I see it a lot with shooters who hold their breath. They immediately disengage from the rifle because they are sitting there holding their breath prior to the shot. They hold their breath for a number of reasons, but mainly because they feel it makes the shot steady. It’s a huge relief when the rifle fires because they are quickly running out of air.
Your precision rifle is a machine, we are turning on the machine in order to send the bullet downrange to the target. I would submit to you, the shot is not over until the bullet has hit the target, or we have confirmed a miss. Stay engaged with the rifle and sights until we are sure we need a follow-up shot, or we are sure the target has been successfully engaged.
Calling Your Shot
We have gone through the fundamentals of marksmanship, so you can understand what it takes to successfully engage a target using a rifle. All this information is great as a theoretical exercise. But how do we know we are doing it right in our practical application? The best way is with a competent instructor to watch you shoot and correct any errors in your form. The next best way to know you are doing it right is “Calling your Shot.” Because telling you how to do something is not enough.

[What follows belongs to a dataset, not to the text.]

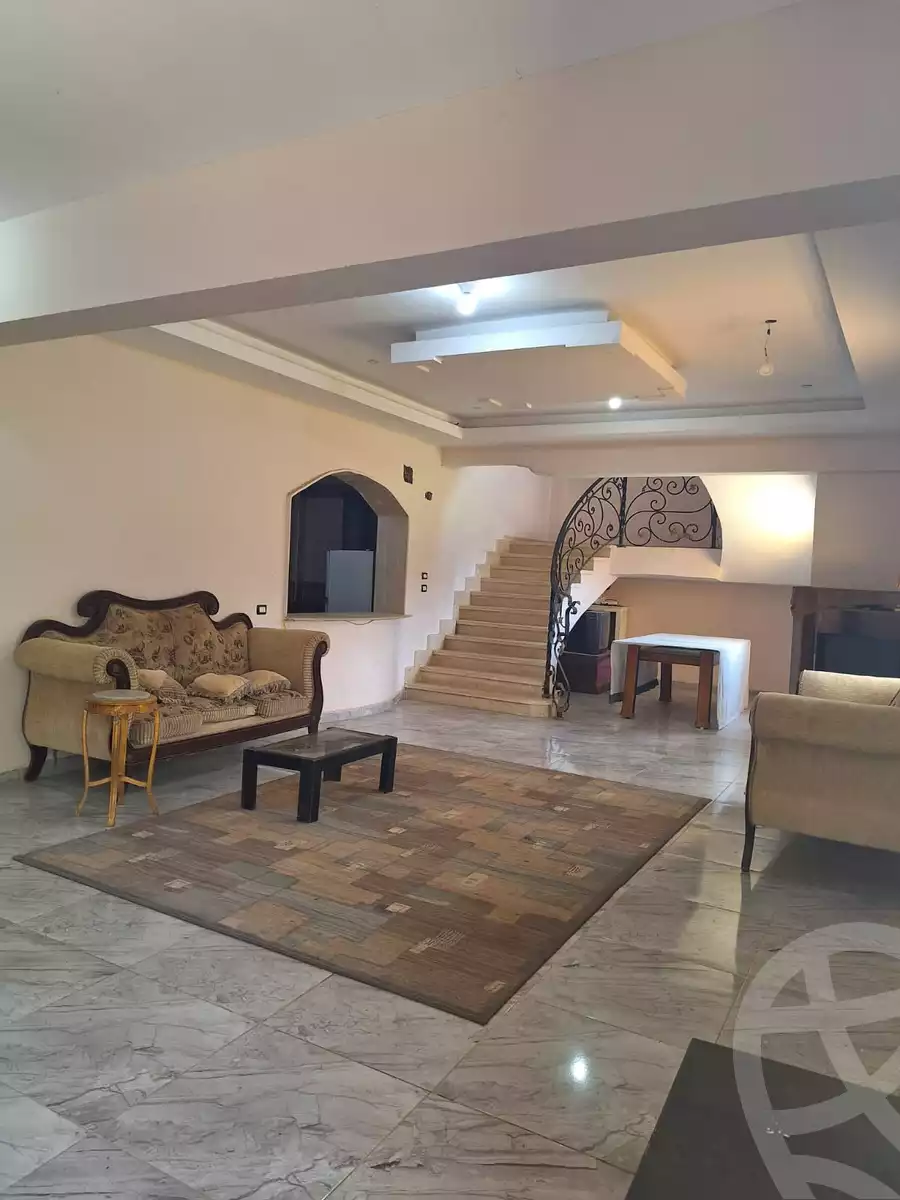 https://aqarmap.com.eg/en/listing/6497137-for-sale-cairo-el-sheikh-zayed-city-lshykh-zyd-ljdyd-el-reef-el-oroby
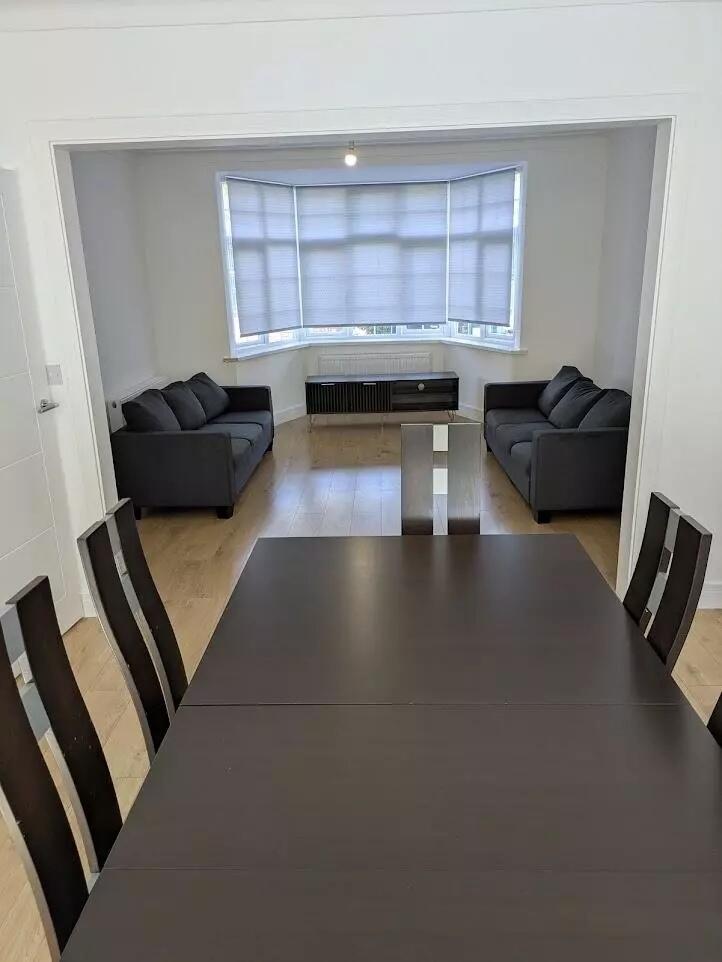 Main image of property: Elliot Road, Hendon, NW4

We need to put it in practice and look at the end result, as it appears through the scope.
Calling your shot, again, comes from the competition world. It is very important to sling shooters. However, because we tend to do things slightly different, we have to modify the way it was done in the past. Unsupported sling shooting means the body will react to recoil to higher degree than shooting from a supported position, such as off a bipod. Because we focus on being straight behind the rifle, and managing the recoil, we will have far less movement of the system. This is easy to see by watching a video of a successful tactical shooter. Video makes it clear just how little the rifle will actually move, allowing the shooter to remain on target. This will help shooters fine-tune their training and take target analysis beyond the target to their sight picture.
Fundamentals translate regardless of the position. What changes is the amount of practice we put into the task.
The most common expression when talking about calling your shot is:
“Where were the sights when the shot broke?”
It is expressed this way because the instructor was talking about unsupported sling shooting. The shooter will move with recoil and rock off target then roll back on, reacquiring the sight picture. In the 21st century, we do things slightly different, so we have to adjust this thinking to account for supported shooting. How we speak to ourselves matters. In this case, asking the question in the past tense is wrong.
The tactical shooter needs to ask, “Where are the sights when the shot broke?” It’s a small but important distinction that will begin to condition our mind toward the positive. It will force the shooter to focus on the sight picture during the critical moment when the shot is fired. Shooting is a game of milliseconds and if you divert your attention from the target, you risk drifting off target. In so many cases, shooters will not even notice this. They will establish their sight picture, consider the crosshairs on target and then begin to think about something else. It’s during these moments where we miss the movement caused by a poor trigger press, or a subconscious shift in our body. We need to carefully watch the reticle so we can answer: Where are our sights during the firing sequence? This is the modern, more effective way to call your shots. If the sights remain on target and we deviate from impacting at our expected location, we then need to examine the firing sequence, so we identify the issue. “Was it a case of letting a fundamental go; poor natural point of aim; a failed trigger press; or lack of follow-through? Or do we need to adjust our zero? Calling our shots will help identify any number of issues. It can even help in recognizing faulty equipment such as scope that fails to hold zero.
If we have practiced and trained our body to execute the fundamentals correctly, during live fire the benefits will be immediately apparent. This also extends to positional shooting, from any position. Making this a part of the firing sequence will train you to be more effective.
Recoil Management
In classes, I talk a lot about the fundamentals of marksmanship and how they are the building blocks to all great shooting. When we break them down into a logical order, they address the core elements of a shot. From our body position to our sights, the fundamentals guide us toward a better result: hitting the target.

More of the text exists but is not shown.